Here’s a map of the walk I’ve done so far since living in the Western suburbs, and while my knee, hip and lower back pain prevent a repeat of this small section, I can always ‘cheat’ and avoid the lengthy 2-bus trip (which winds its way through the suburbs picking up and dropping off passengers at each stop), by catching a taxi which only takes approx. 25 minutes and can drop me off at the top left of the map right next to the walking path and 2 islands where I first saw the Royal Spoonbills. The taxi can drop me about 20-50 feet from the spot I want.
I’ve visited the area several times now and want to do some bird photography, not walking.
I caught a taxi the very first time I went this part of the coast as I was a complete newcomer to this side of Melbourne and didn’t have the slightest clue which bus services went where, OR exactly where I was going.
This stretch of the coastal walk would probably be only a brisk 30 minute walk, but anyone who walks that fast is missing a beautiful piece of coastal reserve and conservation area and maybe should think seriously about getting a treadmill and blindfold to use in their garage for exercise purposes.
Here’s a few more images to lure you to the spot if you’re a local Melburnian.
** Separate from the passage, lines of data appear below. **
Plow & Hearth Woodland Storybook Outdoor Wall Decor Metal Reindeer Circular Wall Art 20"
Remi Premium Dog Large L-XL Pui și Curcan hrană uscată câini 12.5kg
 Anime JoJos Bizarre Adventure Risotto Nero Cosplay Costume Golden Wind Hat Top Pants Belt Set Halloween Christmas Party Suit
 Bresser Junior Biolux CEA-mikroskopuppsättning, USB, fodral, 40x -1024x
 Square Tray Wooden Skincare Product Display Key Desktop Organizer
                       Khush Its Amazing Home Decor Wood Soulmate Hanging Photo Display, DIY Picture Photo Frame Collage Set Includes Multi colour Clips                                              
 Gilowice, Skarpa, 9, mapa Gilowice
My beach and coastal walks years ago were limited to the Bayside Beaches on the south side of Melbourne when I was living over that side of the city.
(Sorry about the long post, but once I started, my fingers ran away with the words and my long months of being pretty much housebound needed the visual outing).
Grant me the serenity to accept the things I cannot change, the courage to change the things I can and the wisdom to know the difference.
Is it only a year ago, I was still doing long nature walks and outdoor photography?
Life is impermanent and the most important thing is to accept, adapt and move on with the next stage of one’s life when things change.